The State Department team members themselves said they thought they would be immediately flamed, or insulted and blocked from posting. But so far only the webmaster at the Islamic Falluja Forums (www.al-faloja.info) has revoked their password and told them to get lost, they said.

Not that they don’t attract plenty of skeptical, sarcastic responses. One man identifying himself as an Arab in Germany commented that they were trying to put lipstick on a pig. During Congressional testimony last week by Gen. David H. Petraeus, for example, the two-man team went into chat rooms to ask people their opinion.

“God bless America, the giving mother,” went one sarcastic response, going on to say that everything the United States does goes into “the balance of your pockets, I mean the balance of your rewards.” Another noted that Iraqis were better off before the invasion, while a third jokingly asked the Digital Outreach Team for a green card.

Mr. Jawad’s responses tend toward the earnest: “We do not deny that the situation in Iraq is difficult, but we are achieving success in decreasing the level of violence there with the contribution of the Iraqis who care about their nation and who reject the terrorists and killers who target their victims based on sect,” he wrote at one point. He directed the green card writer to the Web sites describing how to apply.
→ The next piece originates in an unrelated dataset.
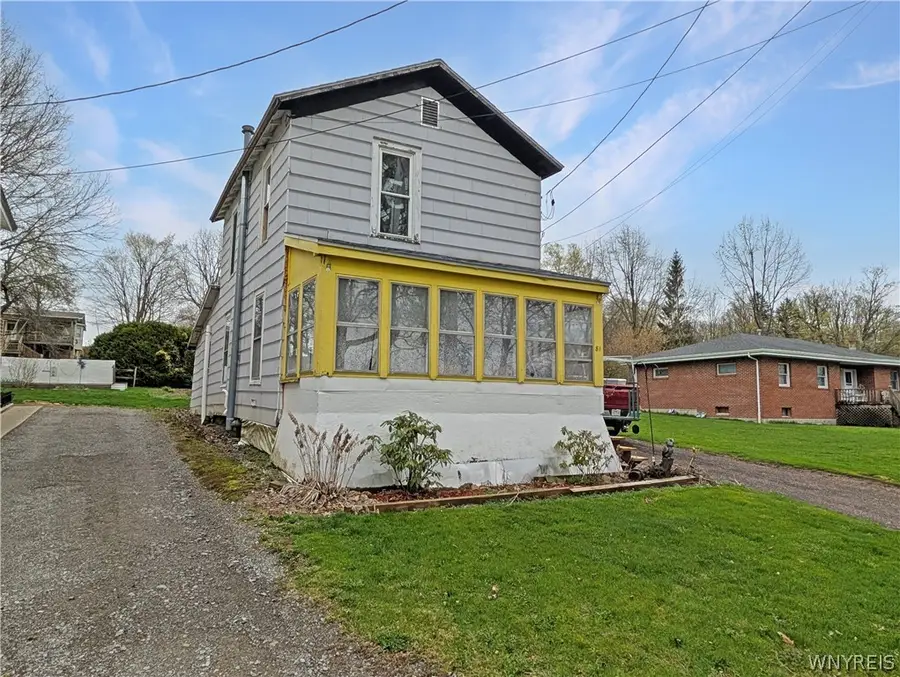 81 Walker Road, Perry, NY 14530 - #3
Mr. Jawad and his colleague, Muath al-Sufi, are circumspect about biographical details that would allow readers to pigeonhole them by their roots, religion or education. Mr. Jawad, would only say that he is in his 30s, was born in Texas and raised around the Arab world. Mr. Sufi also said he was in his 30s.

The team said certain topics repeated regularly, including arguments over the accusations that American soldiers tortured Iraqis at Abu Ghraib and President Bush’s comment that the fight against terrorism is a “crusade.” Much time is also spent trying to douse the Internet brush fires that erupt whenever prominent Americans from talk-show hosts to politicians make anti-Muslim remarks of the “bomb Mecca” variety.

Each response is carefully shaped in English by the team and translated into often poetic Arabic.

>>>

Wow. Government-authored war poetry. Makes me want to learn Arabic just to find out if that reads like a Cold War pamphlet rewrite of the Silmarillion.

Note they already have the perfect title for the first Robert Ludlum Blog Squad thriller: "PASSWORD REVOKED."